We do not give traditional classes. While students are allowed to take a limited number or traditional elective courses in other departments, the eBusiness MSIT program does not offer a single course of its own. We believe that the meta-skills required for success in the workplace, such as team building, time management, interpreting confusing or ambiguous assignments, professional writing and public speaking, can be acquired only through direct and extensive practice. Toward that end, the program consists first of 16 realistic eBusiness tasks that are so extensive they must be completed by teams. Accordingly, the students are initially divided into teams of five people who receive task descriptions every 2-3 weeks for 10 months.
The students must produce professional deliverables, such as reports, technology analyses, business plans and system designs. Because the teams operate independently with minimal guidance, the students themselves must learn to organize themselves, divide workload, become familiar with relevant technologies, and separate important from irrelevant reference material to complete the assigned work on schedule.
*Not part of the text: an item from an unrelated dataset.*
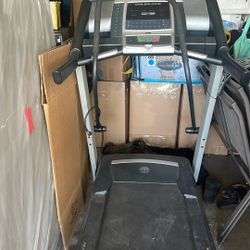 Treadmill   Golds Gym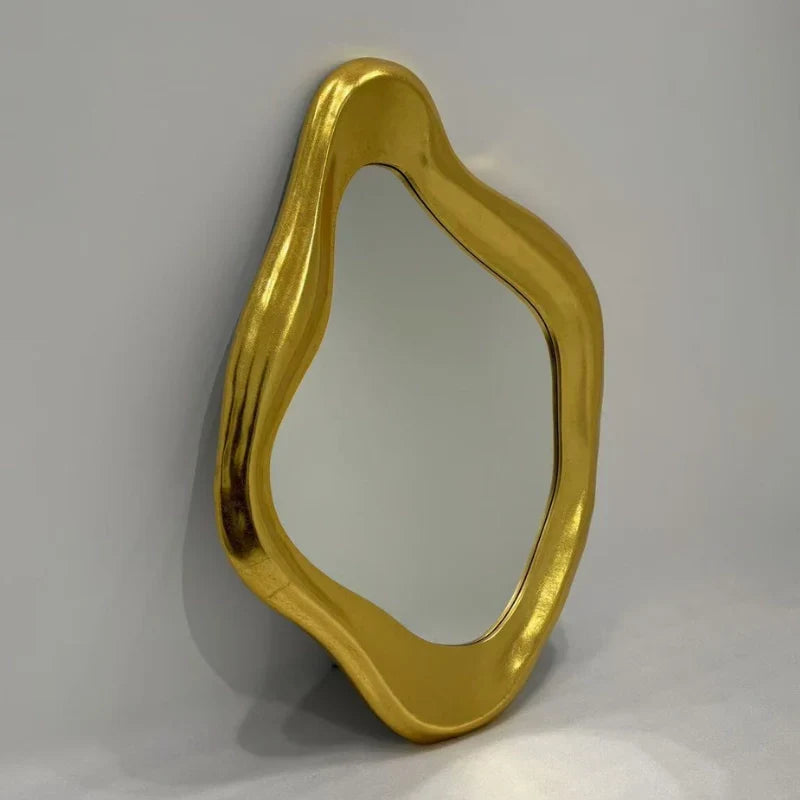 Asymmetrische Wandspiegel met Goudkleurige Houtenlijst – Organische Spiegel Moderne Wanddecoratie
Many of our graduates aspire to be consultants, and consulting preparation is sound training for almost any information technology job. Therefore, to make the degree program as realistic as possible, all students become “employees” of a hypothetical company, ebConsultants LLP, for the 12-month duration of the program. As staff consultants, the students rotate through four assignments in each of the company’s practices: Health Care, Financial, Retail and Logistics. Team composition changes at each transition, so the students have a chance to exercise their organizational skills at different times. To compress 10 months into a single sentence, the most crucial skill the students acquire is learning how to teach themselves. That skill is valuable for a lifetime and outlasts any conceivable shift in technology.